Authors :
Presenting Author: Leock Y Ngo, PhD – Pharma Industry
Presenting Author: Leock Y Ngo, PhD – Pharma Industry
Presenting Author: Leock Y Ngo, PhD – Pharma Industry
Presenting Author: Leock Y Ngo, PhD – Pharma Industry
Liang Zhu, PhD – Biostatistics – Eisai; Anna Patten, PhD – Biostatistics – Eisai; Jocelyn Cheng, MD – Neurology – Eisai; Jacqueline French, MD – Neurology – New York University Grossman School of Medicine; Wesley kerr, MD, PhD – Neurology – University of Pittsburgh
Rationale:
Parallel‑group randomized clinical trials (RCTs) are the mainstay to evaluate the efficacy of novel treatments for epilepsy, but their design has not changed in decades. Static assignment of participants to placebo or ineffective treatment confers risk, including an increased risk of Sudden Unexpected Death in Epilepsy (SUDEP). In the alternative Time to Pre-randomization monthly Seizure Count (T-PSC) design, participants’ response to blinded treatment is measured until they either have the same or more seizures than their average pre-randomization monthly seizure count (PSC) or reach the standard 12-week maintenance period, whichever happens first. This T-PSC design has shown promise to replicate the efficacy conclusions of numerous RCTs. We evaluated if this T-PSC design could also replicate the safety conclusions of a trial by analyzing how often treatment-emergent adverse events (TEAEs) occurred before T-PSC.
Methods:
We retrospectively applied the T-PSC design to analyze TEAEs from a blinded, placebo-controlled trial of perampanel for primary generalized tonic-clonic seizures (NCT01393743).
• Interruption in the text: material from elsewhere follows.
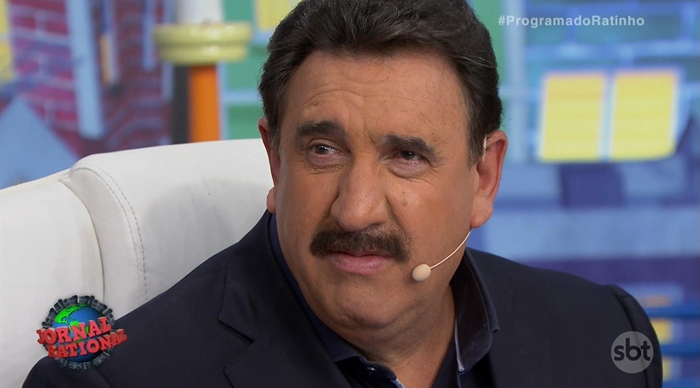 Ratinho tenta se explicar após vídeo onde ofende gays: “Gosto muito deles”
The Safety Analysis Set consisted of 81 and 82 participants randomized to perampanel and placebo arms, respectively. We evaluated the incidences of TEAEs (regardless of causality), treatment-related TEAEs, and serious TEAEs that occurred before T-PSC relative to those observed during the full-length trial.
Results:
Of the 67 participants who experienced TEAEs in the perampanel arm during full-length trial, 66 (99%) participants experienced TEAEs with onset occurring before T-PSC. Similarly, of the 59 participants experienced TEAEs in the placebo arm during full-length trial, 54 (92%) participants reported TEAEs with onset occurring before T-PSC (Table 1). When limited to treatment-related TEAEs, 32/37 (86%) and 55/56 (98%) of participants reported treatment-related TEAEs that occurred before T-PSC in placebo and perampanel arms, respectively. Treatment-related TEAEs were more likely to occur before T-PSC for perampanel relative to placebo (odds ratio 8.6, p=0.035). Serious TEAEs occurred before T-PSC in 6/7 (86%) and 4/6 (67%) of participants receiving placebo and perampanel, respectively. Two deaths occurred in the full-length trial; both events occurred before T-PSC. TEAEs leading to study drug adjustments (mainly study drug withdrawal or dose reduction) occurred before T-PSC in 8/10 (80%) and 15/16 (94%) participants in the placebo and perampanel arms, respectively.
Conclusions: Almost all TEAEs occurred before T-PSC. More treatment-related TEAEs occurred after T-PSC for participants randomized to placebo than perampanel, which may either be due to a shorter T-PSC or delayed time to TEAE for placebo. This analysis suggests the T-PSC design was sufficient to evaluate the safety of perampanel.
Funding: Eisai, the American Epilepsy Society, the Epilepsy Foundation, the American Academy of Neurology, the American Brain Foundation.